WHAT NEEDS TO BE DONE: Leave every picture out, and print the full listing again exactly.

(Beginning of INPUT DATA)

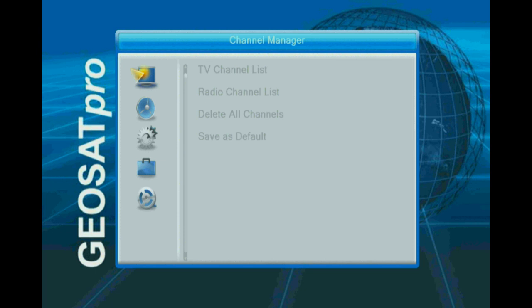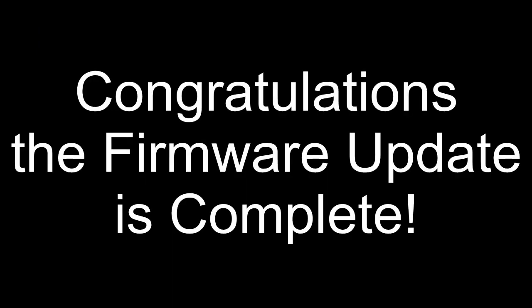Upon completion, the satellite receiver will restart and you have the option of either rescanning your favorite satellites and channels or importing a satellite channel list.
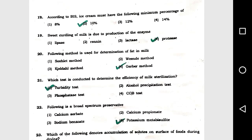Question number 18: According to BIS, ice cream must have the following minimum percentage of fat. Question number 19 and 20: Which of the following method is used for determination of fat in milk? Option 4. Question number 21: Which test is conducted to determine the efficiency of milk sterilization? Option 1, turbidity test.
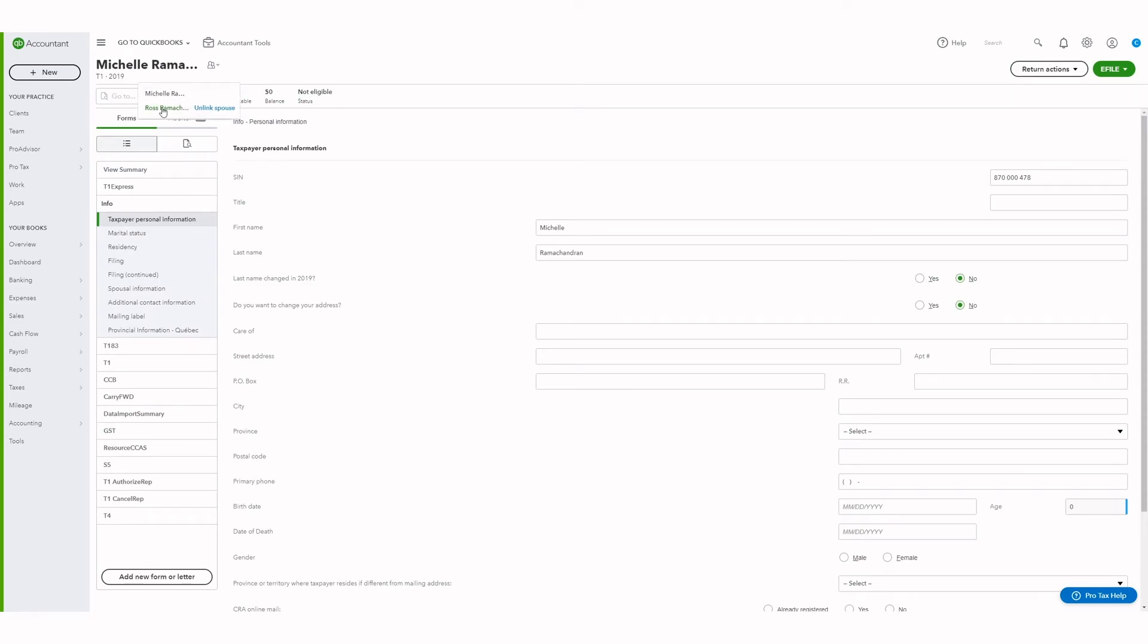You can click on the spouse button to navigate between the main return and the spouse's return.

(End of INPUT DATA)

RESULT FOR THIS EXERCISE:
Upon completion, the satellite receiver will restart and you have the option of either rescanning your favorite satellites and channels or importing a satellite channel list.
Question number 18: According to BIS, ice cream must have the following minimum percentage of fat. Question number 19 and 20: Which of the following method is used for determination of fat in milk? Option 4. Question number 21: Which test is conducted to determine the efficiency of milk sterilization? Option 1, turbidity test.
You can click on the spouse button to navigate between the main return and the spouse's return.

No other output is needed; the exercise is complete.